- Type: mountain howitzer
- Place of origin: Czechoslovakia

Service history
- In service: 1918–1945?
- Used by: Czechoslovakia Nazi Germany
- Wars: World War II

Production history
- Designer: Škoda
- Manufacturer: Škoda
- Produced: 1918?

Specifications
- Mass: 2,800 kg (6,200 lb)
- Barrel length: 1.94 m (6 ft 4 in) L/13
- Shell: 42 kilograms (93 lb)
- Caliber: 149.1 mm (5.87 in)
- Carriage: Box trail
- Elevation: -5° to +70°
- Traverse: 7°
- Muzzle velocity: 340 m/s (1,115 ft/s)
- Maximum firing range: 8,000 m (8,700 yd)

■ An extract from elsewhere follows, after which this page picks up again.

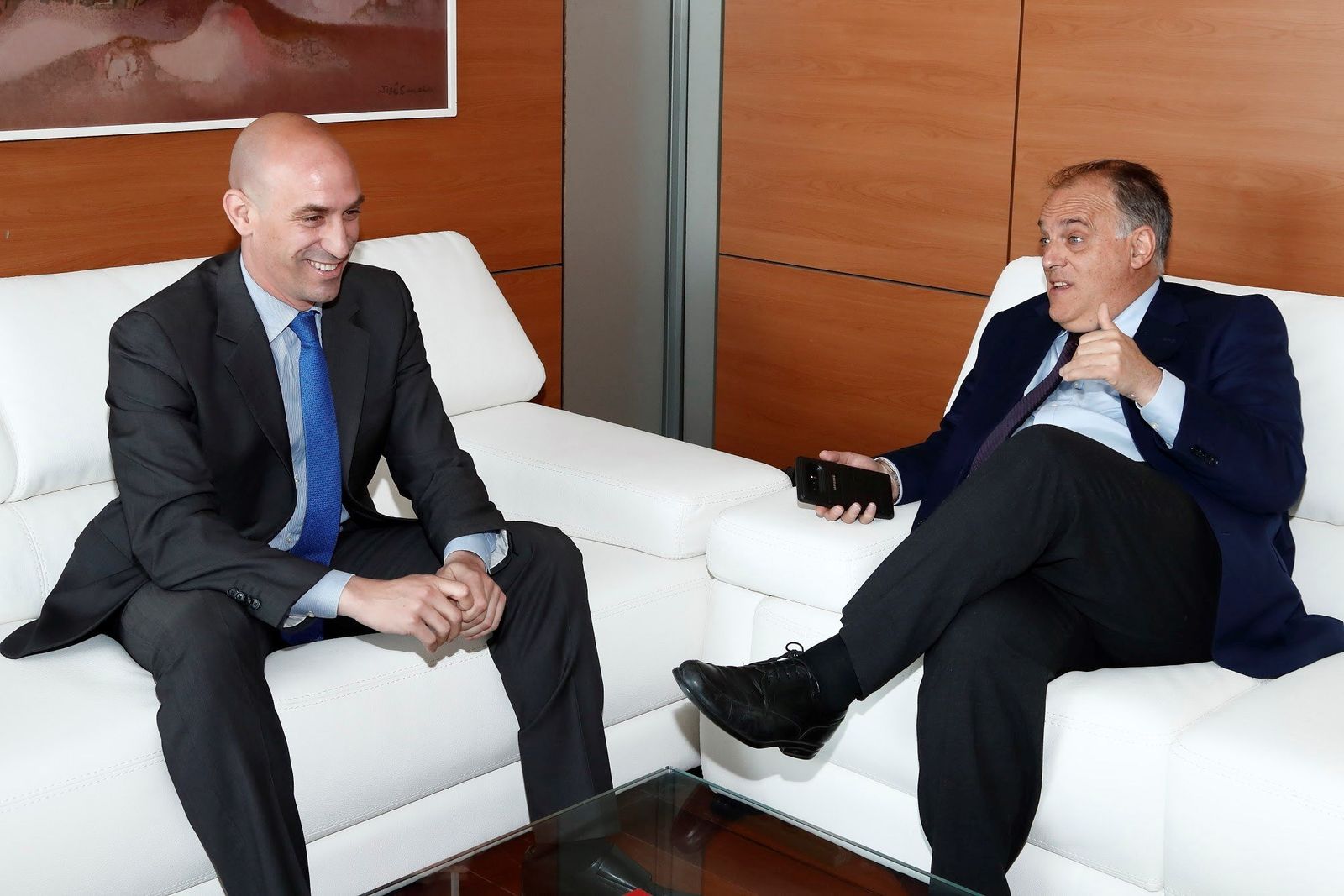 Luis Rubiales y Javier Tebas, durante la reunión en Las Rozas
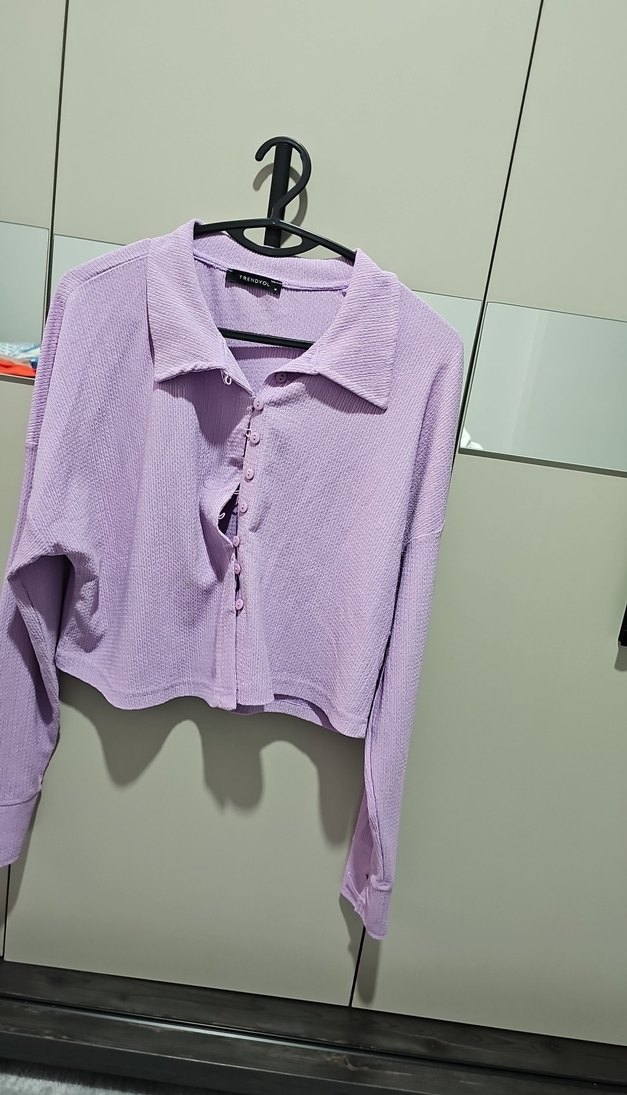 Düğmeli Lila Kadın Keten Gömlek - Görsel 4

= Škoda 150 mm Model 1918 =

The Škoda 150 mm Model 1918 was a heavy mountain howitzer, manufactured by Škoda Works. The design was begun during World War I, but the first prototype was completed as the war ended. After 1938, the Wehrmacht designated the few built as 15 cm GebH 18(t), although it's uncertain if they were actually used. The gun could be transported on six carts; each cart pulled by at least two horses or mules. The barrel assembly required three towing animals.